§ WORK TO BE COMPLETED:
Restate all of the entries verbatim.

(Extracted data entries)
-=-=-=-=-
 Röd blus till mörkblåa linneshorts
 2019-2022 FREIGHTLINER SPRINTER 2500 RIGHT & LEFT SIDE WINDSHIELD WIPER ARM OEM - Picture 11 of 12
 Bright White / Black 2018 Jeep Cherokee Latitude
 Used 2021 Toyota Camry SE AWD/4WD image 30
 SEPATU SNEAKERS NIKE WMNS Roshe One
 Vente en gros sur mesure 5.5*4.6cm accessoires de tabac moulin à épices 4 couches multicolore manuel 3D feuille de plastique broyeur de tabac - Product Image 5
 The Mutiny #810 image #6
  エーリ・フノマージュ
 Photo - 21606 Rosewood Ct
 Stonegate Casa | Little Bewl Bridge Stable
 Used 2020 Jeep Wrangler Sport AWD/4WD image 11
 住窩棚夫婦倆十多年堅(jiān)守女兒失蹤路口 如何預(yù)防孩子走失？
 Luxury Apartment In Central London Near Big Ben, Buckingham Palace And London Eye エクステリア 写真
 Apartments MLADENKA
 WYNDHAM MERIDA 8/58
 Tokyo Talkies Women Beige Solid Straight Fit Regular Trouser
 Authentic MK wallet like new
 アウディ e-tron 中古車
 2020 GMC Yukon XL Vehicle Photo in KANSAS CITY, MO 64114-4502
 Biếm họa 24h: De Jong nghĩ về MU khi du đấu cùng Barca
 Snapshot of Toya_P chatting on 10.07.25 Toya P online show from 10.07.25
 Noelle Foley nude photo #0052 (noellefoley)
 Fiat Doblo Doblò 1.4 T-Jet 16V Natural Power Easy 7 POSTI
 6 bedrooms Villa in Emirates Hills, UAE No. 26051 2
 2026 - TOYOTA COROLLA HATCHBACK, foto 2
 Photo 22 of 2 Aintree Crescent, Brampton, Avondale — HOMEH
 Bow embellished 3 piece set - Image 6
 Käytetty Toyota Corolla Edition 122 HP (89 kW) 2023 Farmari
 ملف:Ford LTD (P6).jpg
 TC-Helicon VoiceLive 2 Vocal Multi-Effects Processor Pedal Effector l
-=-=-=-=-
§ SOLUTION:
 Röd blus till mörkblåa linneshorts
 2019-2022 FREIGHTLINER SPRINTER 2500 RIGHT & LEFT SIDE WINDSHIELD WIPER ARM OEM - Picture 11 of 12
 Bright White / Black 2018 Jeep Cherokee Latitude
 Used 2021 Toyota Camry SE AWD/4WD image 30
 SEPATU SNEAKERS NIKE WMNS Roshe One
 Vente en gros sur mesure 5.5*4.6cm accessoires de tabac moulin à épices 4 couches multicolore manuel 3D feuille de plastique broyeur de tabac - Product Image 5
 The Mutiny #810 image #6
  エーリ・フノマージュ
 Photo - 21606 Rosewood Ct
 Stonegate Casa | Little Bewl Bridge Stable
 Used 2020 Jeep Wrangler Sport AWD/4WD image 11
 住窩棚夫婦倆十多年堅(jiān)守女兒失蹤路口 如何預(yù)防孩子走失？
 Luxury Apartment In Central London Near Big Ben, Buckingham Palace And London Eye エクステリア 写真
 Apartments MLADENKA
 WYNDHAM MERIDA 8/58
 Tokyo Talkies Women Beige Solid Straight Fit Regular Trouser
 Authentic MK wallet like new
 アウディ e-tron 中古車
 2020 GMC Yukon XL Vehicle Photo in KANSAS CITY, MO 64114-4502
 Biếm họa 24h: De Jong nghĩ về MU khi du đấu cùng Barca
 Snapshot of Toya_P chatting on 10.07.25 Toya P online show from 10.07.25
 Noelle Foley nude photo #0052 (noellefoley)
 Fiat Doblo Doblò 1.4 T-Jet 16V Natural Power Easy 7 POSTI
 6 bedrooms Villa in Emirates Hills, UAE No. 26051 2
 2026 - TOYOTA COROLLA HATCHBACK, foto 2
 Photo 22 of 2 Aintree Crescent, Brampton, Avondale — HOMEH
 Bow embellished 3 piece set - Image 6
 Käytetty Toyota Corolla Edition 122 HP (89 kW) 2023 Farmari
 ملف:Ford LTD (P6).jpg
 TC-Helicon VoiceLive 2 Vocal Multi-Effects Processor Pedal Effector l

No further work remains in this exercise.